## SOURCE DATA
══════════════════════════════
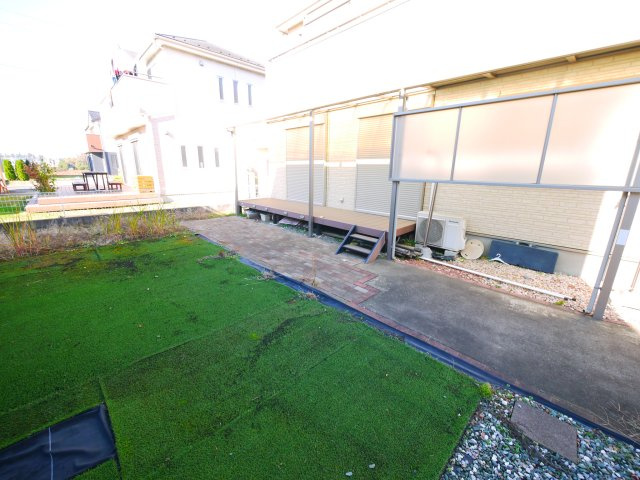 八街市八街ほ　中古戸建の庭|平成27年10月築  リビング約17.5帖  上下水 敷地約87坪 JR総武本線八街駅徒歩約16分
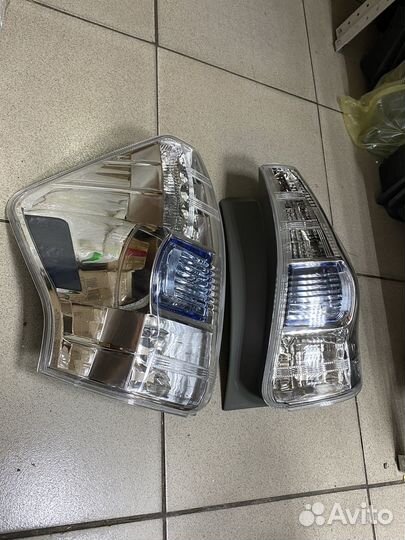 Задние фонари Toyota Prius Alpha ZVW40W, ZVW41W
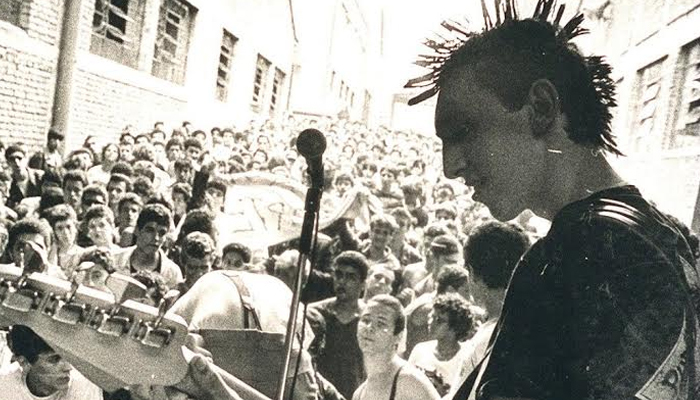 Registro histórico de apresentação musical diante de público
══════════════════════════════
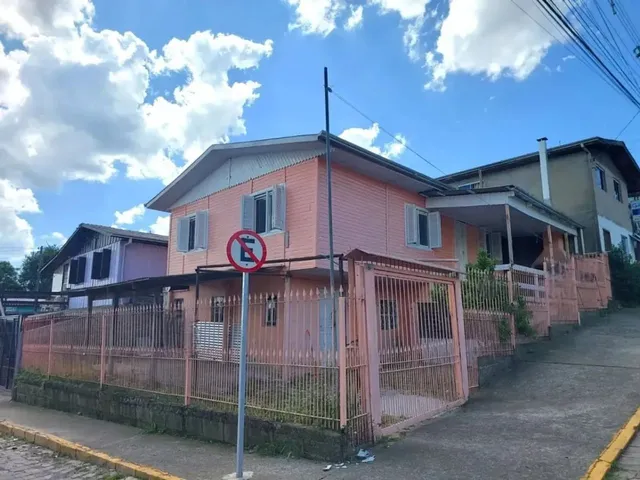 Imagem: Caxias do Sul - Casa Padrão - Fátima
══════════════════════════════
## WHAT TO PRODUCE
In the entries above, find the line containing "上下水 敷地約87坪 JR総武本線八街駅徒歩約16分" and the line containing "Registro histórico de"; give again exactly those two lines and every line between them, minus the pictures.

## SOLUTION
 八街市八街ほ　中古戸建の庭|平成27年10月築  リビング約17.5帖  上下水 敷地約87坪 JR総武本線八街駅徒歩約16分
 Задние фонари Toyota Prius Alpha ZVW40W, ZVW41W
 Registro histórico de apresentação musical diante de público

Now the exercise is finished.